Not only were web sites impacted, but according to
InformationWeek:
"The outage appeared to take numerous hidden Tor services offline, including the HackBB forums and the anonymous Tor Mail service."
In short, anyone accessing Freedom Hosting servers was not anonymous if they were using anything other than the latest, patched, version of TBB. It is not clear to me if users of the other affected TOR services were compromised. It should also be noted that
this was not a 0 day exploit, a bug had been opened in June with Mozilla (the organization which develops Firefox) against the vulnerability which allowed this exploit to occur. According to Mozilla the bug has been fixed and a new version of Firefox ESR has been released. The TOR project did release a rather interesting statement related to this issue, when it said
yesterday (August 4):
We're investigating these bugs and will fix them if we can.
Whether this means that the TOR team has more to do to fix this exploit is unclear to me.
In the interest of full disclosure about this exploit, according to Wired.com:
“The attackers pent [sic] a reasonable amount of time writing a reliable exploit, and a fairly customized payload, and it doesn’t allow them to download a backdoor or conduct any secondary activity,” says Tsrklevich, who reverse-engineered the Magneto code.
The malware also sends, at the same time, a serial number that likely ties the target to his or her visit to the hacked Freedom Hosting-hosted website.
In short, Magneto reads like the x86 machine code embodiment of a carefully crafted court order authorizing an agency to blindly trespass into the personal computers of a large number of people, but for the limited purpose of identifying them.

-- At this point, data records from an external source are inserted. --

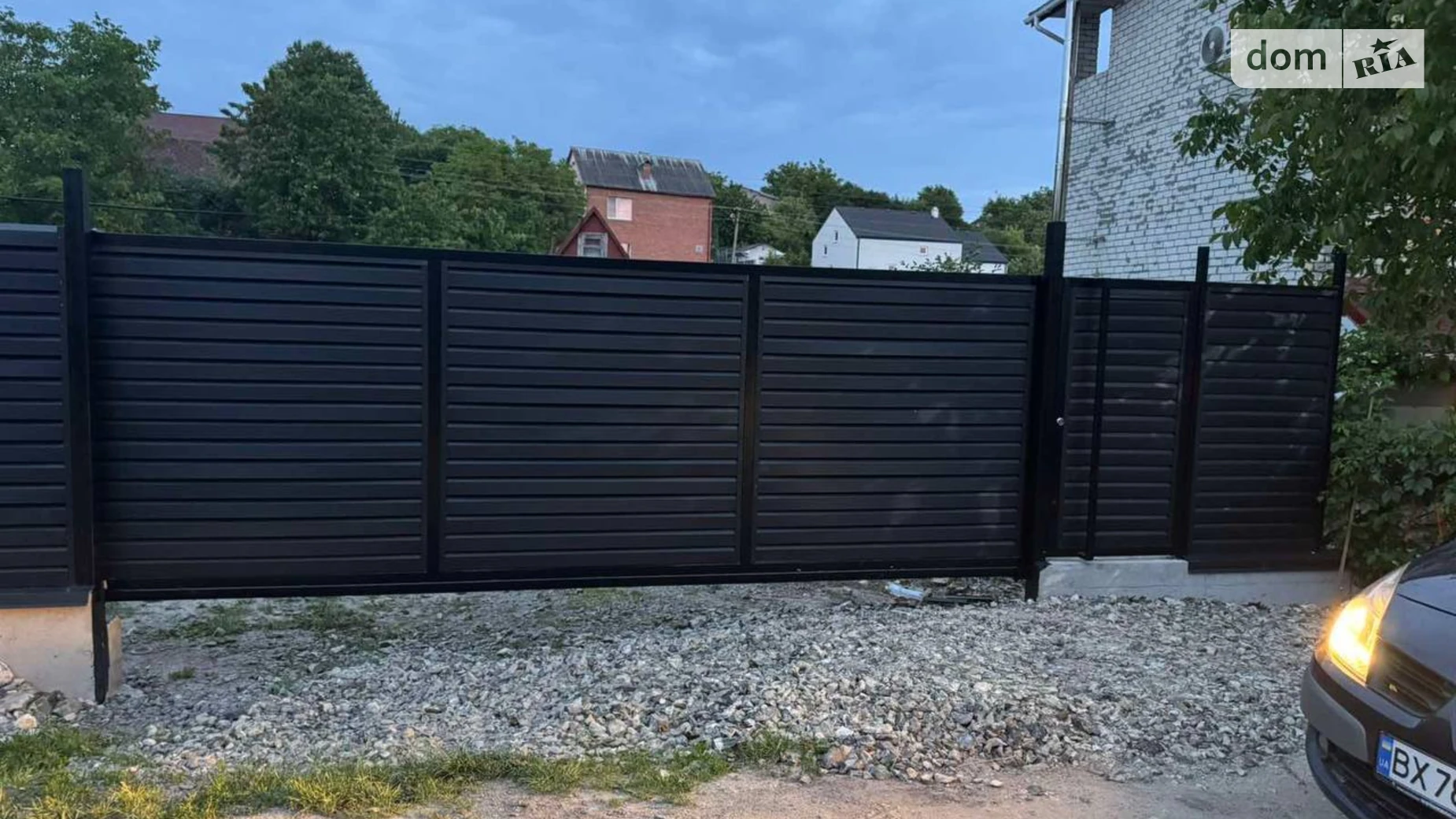 Продается земельный участок 5.7 соток в Хмельницкой области, цена: 18000 $ - фото 2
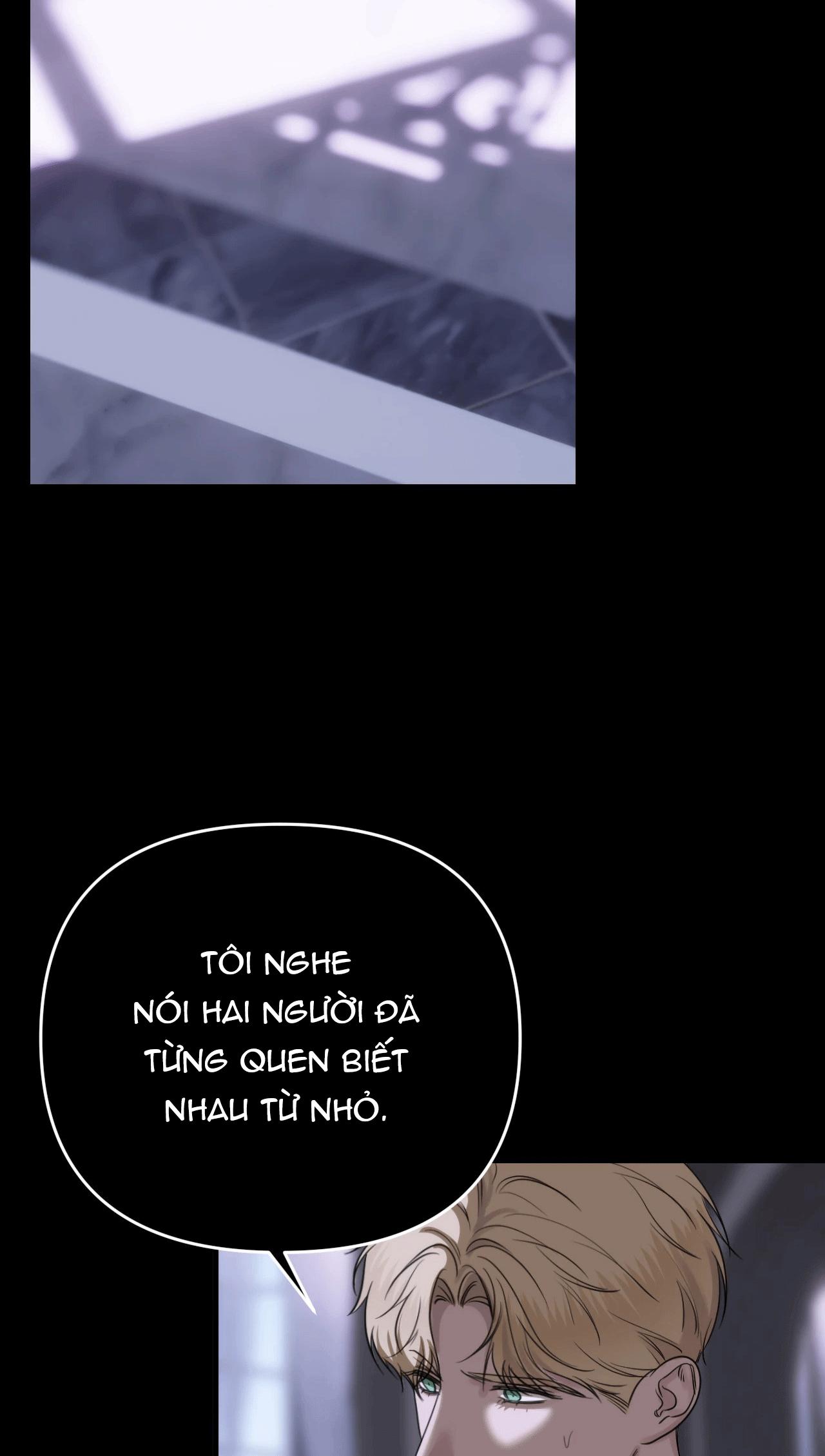 NAME ME Chapter 14 - Next Chapter 15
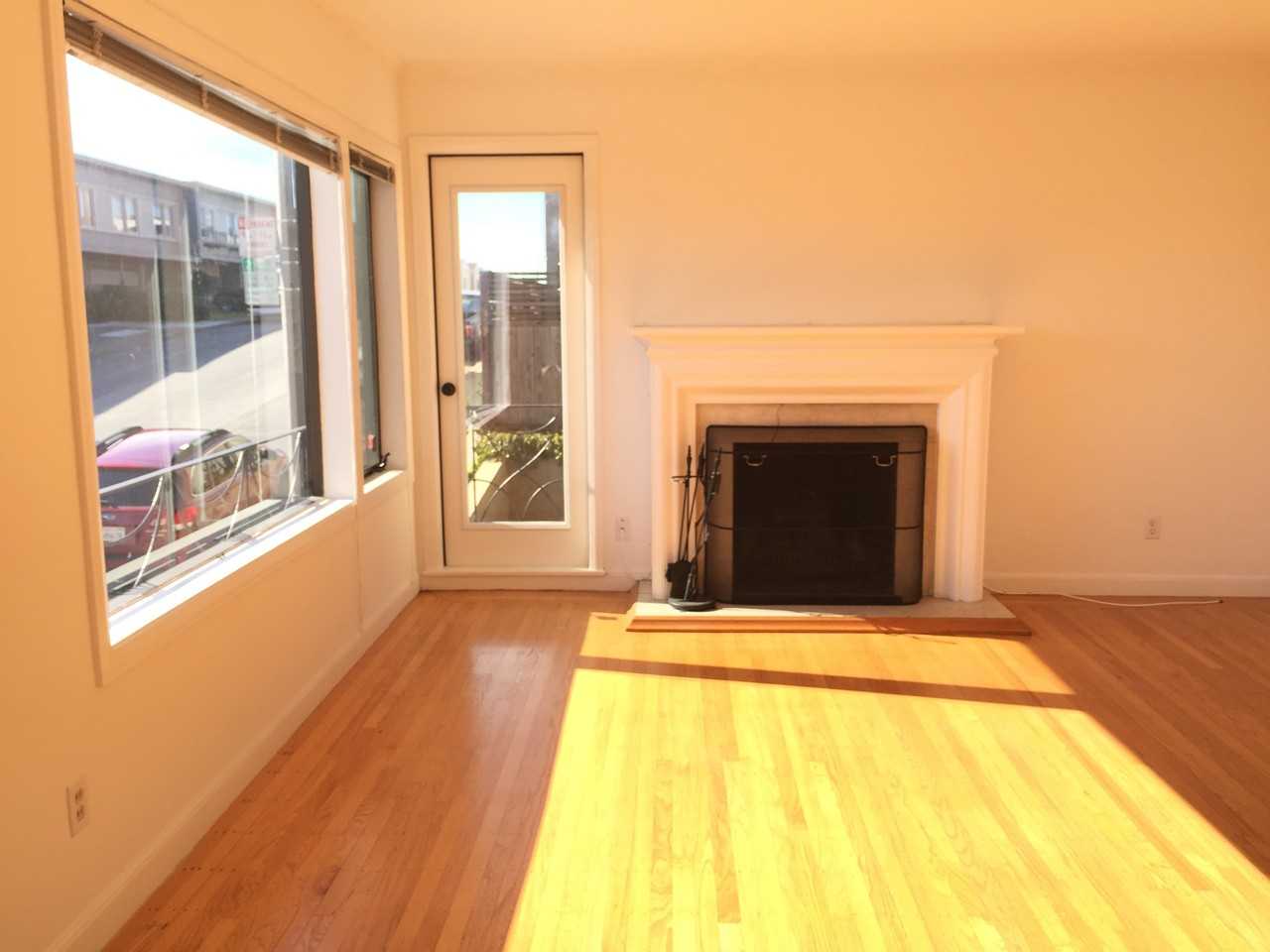 52 Anzavista Ave - Photo 2 of 22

But plenty of questions remain. For one, now that there’s a sample of the code, will anti-virus companies start detecting it?
Before anyone goes on a tear about Wired's speculation, imagine what would happen if the person writing the malware was not writing code which was not the "embodiment of a carefully crafted court order". In short, you'd be seriously hosed. Secondly, I would hope that we all can agree that catching people who traffic in or consume child pornography is the right thing to do.
So what are the takeaways from this?
- There is no shortcut to protecting yourself on the internet. If anyone actually reads this, and there are comments which recommend solutions - don't just start using them, do some research first!
- Understand the technology you are introducing into your lives - whether it's TOR, a cell phone or a smart tv.
- If you do decide to use TOR to access the secret sites it hosts, do your best to make sure you understand the organization hosting the site. Since everything is anonymous I have no idea how you would do that.
- Keep your anti-virus definitions up to date and make sure you are protected by a firewall
- Keep the applications on your computer up to date too
- It can't be stressed enough, do your research!